═══ Provided records
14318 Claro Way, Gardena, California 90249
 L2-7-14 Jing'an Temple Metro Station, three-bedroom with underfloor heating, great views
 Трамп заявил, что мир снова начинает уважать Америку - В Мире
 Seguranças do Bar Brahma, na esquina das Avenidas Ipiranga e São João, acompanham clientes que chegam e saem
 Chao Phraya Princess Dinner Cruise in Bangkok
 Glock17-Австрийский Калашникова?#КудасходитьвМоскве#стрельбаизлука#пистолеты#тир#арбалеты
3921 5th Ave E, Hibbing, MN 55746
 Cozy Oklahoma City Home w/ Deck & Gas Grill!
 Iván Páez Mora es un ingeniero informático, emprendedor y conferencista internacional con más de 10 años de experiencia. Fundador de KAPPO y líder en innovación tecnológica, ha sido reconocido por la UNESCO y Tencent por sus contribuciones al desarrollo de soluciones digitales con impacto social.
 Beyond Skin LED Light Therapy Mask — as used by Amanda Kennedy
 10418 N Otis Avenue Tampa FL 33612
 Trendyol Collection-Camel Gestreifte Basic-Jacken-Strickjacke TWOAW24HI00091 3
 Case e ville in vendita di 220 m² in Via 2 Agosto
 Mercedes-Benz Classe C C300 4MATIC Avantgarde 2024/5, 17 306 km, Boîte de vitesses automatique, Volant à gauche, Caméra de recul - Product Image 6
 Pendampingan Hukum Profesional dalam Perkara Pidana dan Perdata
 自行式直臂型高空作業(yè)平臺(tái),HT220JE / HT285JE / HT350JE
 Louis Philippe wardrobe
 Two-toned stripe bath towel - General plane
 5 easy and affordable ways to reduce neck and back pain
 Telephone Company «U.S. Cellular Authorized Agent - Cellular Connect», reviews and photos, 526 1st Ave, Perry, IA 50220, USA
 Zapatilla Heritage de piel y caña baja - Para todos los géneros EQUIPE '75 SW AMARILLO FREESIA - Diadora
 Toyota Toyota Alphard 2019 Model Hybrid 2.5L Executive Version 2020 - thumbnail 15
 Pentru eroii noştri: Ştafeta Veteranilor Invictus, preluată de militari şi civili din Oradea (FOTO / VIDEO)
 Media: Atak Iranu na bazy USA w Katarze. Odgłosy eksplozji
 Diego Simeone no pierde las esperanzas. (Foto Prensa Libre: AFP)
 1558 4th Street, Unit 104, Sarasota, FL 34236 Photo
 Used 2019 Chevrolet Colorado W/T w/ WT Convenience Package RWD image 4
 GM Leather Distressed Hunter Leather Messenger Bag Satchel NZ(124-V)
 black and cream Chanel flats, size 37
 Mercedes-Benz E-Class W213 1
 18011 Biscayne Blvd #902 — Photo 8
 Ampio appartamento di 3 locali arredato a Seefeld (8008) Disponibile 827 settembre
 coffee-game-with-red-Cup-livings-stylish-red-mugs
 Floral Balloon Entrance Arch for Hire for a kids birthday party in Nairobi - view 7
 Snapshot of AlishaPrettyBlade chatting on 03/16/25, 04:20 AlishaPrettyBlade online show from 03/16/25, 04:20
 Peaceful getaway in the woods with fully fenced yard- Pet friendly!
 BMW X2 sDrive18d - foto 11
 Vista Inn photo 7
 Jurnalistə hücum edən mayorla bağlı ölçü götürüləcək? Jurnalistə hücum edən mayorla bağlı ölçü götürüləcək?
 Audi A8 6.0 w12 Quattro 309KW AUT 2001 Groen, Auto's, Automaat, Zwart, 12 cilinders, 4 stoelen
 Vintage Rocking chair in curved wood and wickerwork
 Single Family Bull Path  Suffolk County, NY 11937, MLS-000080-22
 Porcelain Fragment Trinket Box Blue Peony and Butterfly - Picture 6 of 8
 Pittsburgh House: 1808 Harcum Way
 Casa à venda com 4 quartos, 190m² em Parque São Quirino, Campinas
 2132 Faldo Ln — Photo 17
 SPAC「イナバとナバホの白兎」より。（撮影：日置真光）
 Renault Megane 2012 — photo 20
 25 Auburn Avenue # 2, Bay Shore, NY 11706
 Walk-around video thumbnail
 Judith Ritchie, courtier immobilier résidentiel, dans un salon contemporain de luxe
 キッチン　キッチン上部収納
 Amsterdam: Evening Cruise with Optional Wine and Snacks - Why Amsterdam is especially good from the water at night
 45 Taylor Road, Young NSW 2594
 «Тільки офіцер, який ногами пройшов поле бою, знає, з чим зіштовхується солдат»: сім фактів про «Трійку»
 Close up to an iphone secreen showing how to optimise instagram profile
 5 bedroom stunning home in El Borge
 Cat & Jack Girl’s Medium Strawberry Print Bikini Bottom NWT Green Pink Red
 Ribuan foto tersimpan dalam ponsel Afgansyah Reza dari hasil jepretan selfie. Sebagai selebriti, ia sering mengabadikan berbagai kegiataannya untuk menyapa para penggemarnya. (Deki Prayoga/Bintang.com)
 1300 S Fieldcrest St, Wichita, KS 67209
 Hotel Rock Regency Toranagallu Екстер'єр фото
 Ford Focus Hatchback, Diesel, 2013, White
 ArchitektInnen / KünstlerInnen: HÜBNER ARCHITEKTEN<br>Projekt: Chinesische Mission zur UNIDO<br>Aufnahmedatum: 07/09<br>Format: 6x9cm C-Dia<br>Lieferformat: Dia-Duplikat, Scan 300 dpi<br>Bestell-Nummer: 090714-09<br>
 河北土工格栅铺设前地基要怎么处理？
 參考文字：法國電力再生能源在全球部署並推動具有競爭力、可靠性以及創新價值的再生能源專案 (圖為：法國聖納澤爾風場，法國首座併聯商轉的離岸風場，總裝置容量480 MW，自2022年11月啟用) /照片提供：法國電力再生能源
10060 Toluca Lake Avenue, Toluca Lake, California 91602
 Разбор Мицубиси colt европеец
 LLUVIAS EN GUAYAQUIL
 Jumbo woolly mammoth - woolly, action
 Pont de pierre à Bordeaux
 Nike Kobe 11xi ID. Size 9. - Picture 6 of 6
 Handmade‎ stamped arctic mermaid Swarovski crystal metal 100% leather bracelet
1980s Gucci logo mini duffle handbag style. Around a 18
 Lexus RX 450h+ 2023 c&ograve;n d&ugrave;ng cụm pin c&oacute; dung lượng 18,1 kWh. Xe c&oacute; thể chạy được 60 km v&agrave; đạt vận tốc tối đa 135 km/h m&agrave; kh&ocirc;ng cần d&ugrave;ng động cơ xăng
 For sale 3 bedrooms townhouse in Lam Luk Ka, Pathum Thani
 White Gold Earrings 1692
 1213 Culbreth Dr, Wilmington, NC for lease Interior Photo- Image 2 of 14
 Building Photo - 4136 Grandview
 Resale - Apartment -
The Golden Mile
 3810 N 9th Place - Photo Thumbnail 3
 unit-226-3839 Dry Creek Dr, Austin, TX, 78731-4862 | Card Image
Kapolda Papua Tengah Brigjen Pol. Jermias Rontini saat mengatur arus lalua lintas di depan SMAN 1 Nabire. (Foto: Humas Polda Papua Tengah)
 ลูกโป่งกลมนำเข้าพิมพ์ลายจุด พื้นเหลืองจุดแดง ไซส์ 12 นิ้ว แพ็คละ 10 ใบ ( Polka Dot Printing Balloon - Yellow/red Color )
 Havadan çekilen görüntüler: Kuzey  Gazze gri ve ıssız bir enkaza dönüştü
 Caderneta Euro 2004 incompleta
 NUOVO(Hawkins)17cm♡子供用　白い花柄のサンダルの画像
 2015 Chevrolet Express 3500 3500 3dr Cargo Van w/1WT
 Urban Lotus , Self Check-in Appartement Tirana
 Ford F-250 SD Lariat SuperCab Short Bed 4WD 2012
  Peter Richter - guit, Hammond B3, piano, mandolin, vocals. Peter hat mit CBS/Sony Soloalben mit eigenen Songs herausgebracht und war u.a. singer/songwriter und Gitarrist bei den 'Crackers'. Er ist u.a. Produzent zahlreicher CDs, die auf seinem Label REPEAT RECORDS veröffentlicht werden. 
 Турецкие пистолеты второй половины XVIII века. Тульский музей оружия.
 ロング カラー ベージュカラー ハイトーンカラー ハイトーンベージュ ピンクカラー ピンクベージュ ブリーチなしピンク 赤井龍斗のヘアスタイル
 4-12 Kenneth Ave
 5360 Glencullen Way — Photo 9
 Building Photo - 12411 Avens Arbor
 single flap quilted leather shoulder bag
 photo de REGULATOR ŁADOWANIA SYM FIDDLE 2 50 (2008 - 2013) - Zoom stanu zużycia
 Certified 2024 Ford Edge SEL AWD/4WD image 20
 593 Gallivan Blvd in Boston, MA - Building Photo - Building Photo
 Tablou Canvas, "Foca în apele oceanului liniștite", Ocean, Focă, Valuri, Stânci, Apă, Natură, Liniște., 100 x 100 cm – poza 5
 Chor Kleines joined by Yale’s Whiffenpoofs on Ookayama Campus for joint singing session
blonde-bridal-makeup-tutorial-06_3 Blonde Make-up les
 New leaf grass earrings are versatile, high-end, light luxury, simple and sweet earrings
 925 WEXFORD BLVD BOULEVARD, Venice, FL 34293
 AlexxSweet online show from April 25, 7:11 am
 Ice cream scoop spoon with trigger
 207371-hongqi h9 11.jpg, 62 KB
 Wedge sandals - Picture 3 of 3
══════
Quote the data above from the line containing "Hotel Rock Regency" to the line containing "For sale 3 bedrooms", inclusive, and stop.

● Expected output
 Hotel Rock Regency Toranagallu Екстер'єр фото
 Ford Focus Hatchback, Diesel, 2013, White
 ArchitektInnen / KünstlerInnen: HÜBNER ARCHITEKTEN<br>Projekt: Chinesische Mission zur UNIDO<br>Aufnahmedatum: 07/09<br>Format: 6x9cm C-Dia<br>Lieferformat: Dia-Duplikat, Scan 300 dpi<br>Bestell-Nummer: 090714-09<br>
 河北土工格栅铺设前地基要怎么处理？
 參考文字：法國電力再生能源在全球部署並推動具有競爭力、可靠性以及創新價值的再生能源專案 (圖為：法國聖納澤爾風場，法國首座併聯商轉的離岸風場，總裝置容量480 MW，自2022年11月啟用) /照片提供：法國電力再生能源
10060 Toluca Lake Avenue, Toluca Lake, California 91602
 Разбор Мицубиси colt европеец
 LLUVIAS EN GUAYAQUIL
 Jumbo woolly mammoth - woolly, action
 Pont de pierre à Bordeaux
 Nike Kobe 11xi ID. Size 9. - Picture 6 of 6
 Handmade‎ stamped arctic mermaid Swarovski crystal metal 100% leather bracelet
1980s Gucci logo mini duffle handbag style. Around a 18
 Lexus RX 450h+ 2023 c&ograve;n d&ugrave;ng cụm pin c&oacute; dung lượng 18,1 kWh. Xe c&oacute; thể chạy được 60 km v&agrave; đạt vận tốc tối đa 135 km/h m&agrave; kh&ocirc;ng cần d&ugrave;ng động cơ xăng
 For sale 3 bedrooms townhouse in Lam Luk Ka, Pathum Thani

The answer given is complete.